- Country: Iraq Kurdistan Region
- Location: Bawanur in Sulaymaniyah Governorate
- Coordinates: 34°50′29.07″N 045°31′49.74″E﻿ / ﻿34.8414083°N 45.5304833°E
- Purpose: Power, irrigation, flood control
- Status: Under construction
- Construction began: 2013
- Opening date: 2018 est.
- Construction cost: US$200 million
- Owner: Kurdistan Regional Government

Dam and spillways
- Type of dam: Embankment, earth-fill
- Impounds: Diyala River
- Height: 23 m (75 ft)
- Length: 1,190 m (3,900 ft)
- Elevation at crest: 300 m (980 ft)
- Width (crest): 9 m (30 ft)
- Width (base): 148 m (486 ft)
- Dam volume: 1,108,000 m^{3} (1,449,000 cu yd)

Reservoir
- Total capacity: 31,000,000 m^{3} (25,000 acre⋅ft)
- Catchment area: 20,142 km^{2} (7,777 mi^{2})
- Surface area: 4.15 km^{2} (1.60 mi^{2})

Power Station
- Commission date: 2018 est.
- Type: Run-of-the-river
- Hydraulic head: 16 m (52 ft) (net)
- Turbines: 4 x 8 MW Kaplan-type
- Installed capacity: 32 MW

= Bawanur Dam =

Dam in Sulaymaniyah, Iraq

The Bawanur Dam is an earth-fill dam under construction on the Sirwa River, just upstream of the town of Bawanur in Sulaymaniyah Governorate, Kurdistan Region, Iraq. The 23 m (75 ft) tall dam is designed to support a 32 MW run-of-the-river hydroelectric power station. In addition to power generation, the project aims to provide flood control and irrigation water.

Construction works initially began in August 2013 after the Kurdistan Regional Government signed a US$200 million contract with the Romanian firm Hidroconstrucția for the construction of the dam and power station. However, work was later suspended due to the financial crisis in the Kurdistan Region.

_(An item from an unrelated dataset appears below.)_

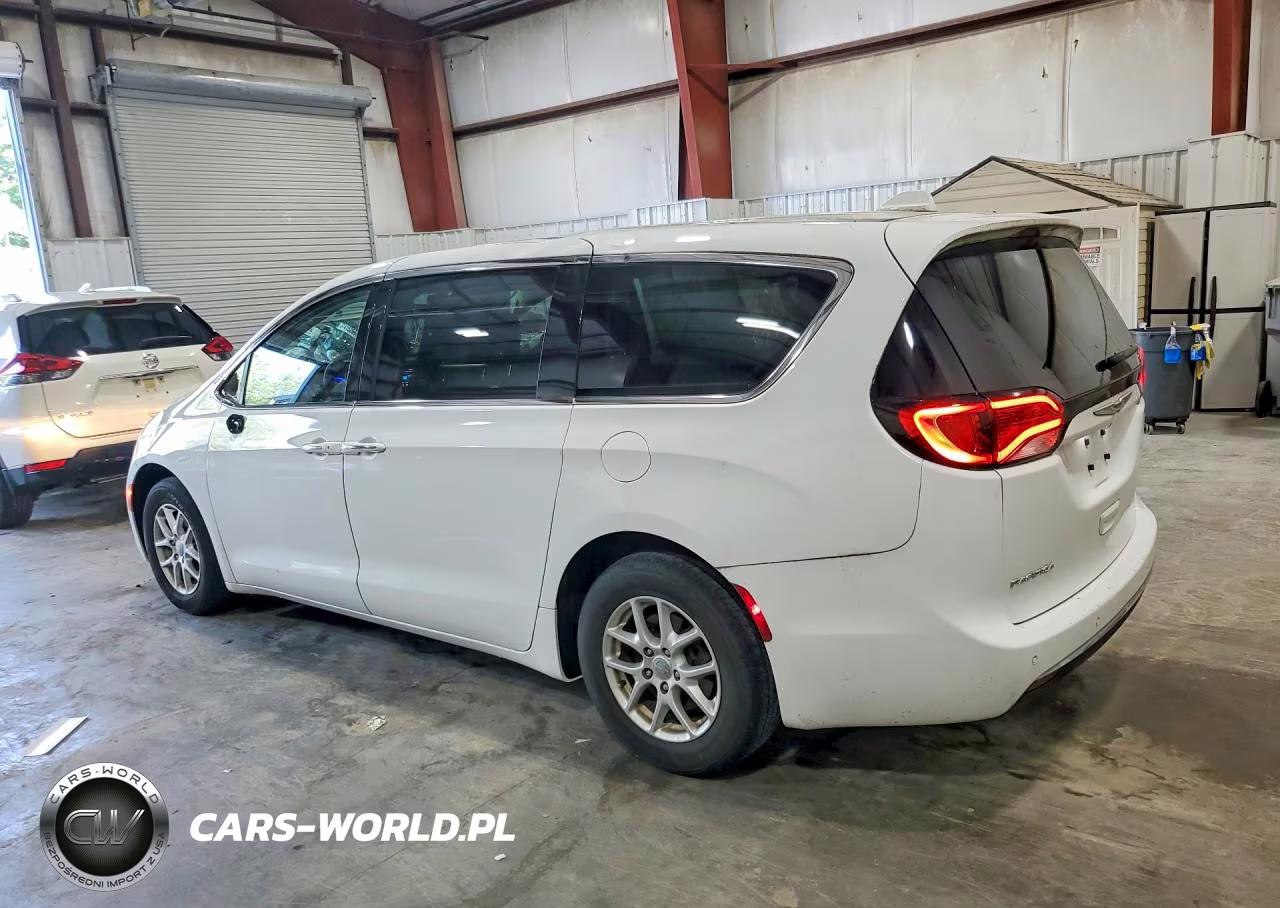 2020 Chrysler Pacifica Touring VIN:2C4RC1FG2LR158892 - 2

Construction activities resumed in February 2025. Following the 2021 earthquake in Iran, whose seismic effects were felt at Darbandikhan Dam and in the Bawanur Dam project area, the dam is currently undergoing redesign studies. The redesign process is being carried out by a consortium of Turkish companies to reassess structural safety and seismic considerations.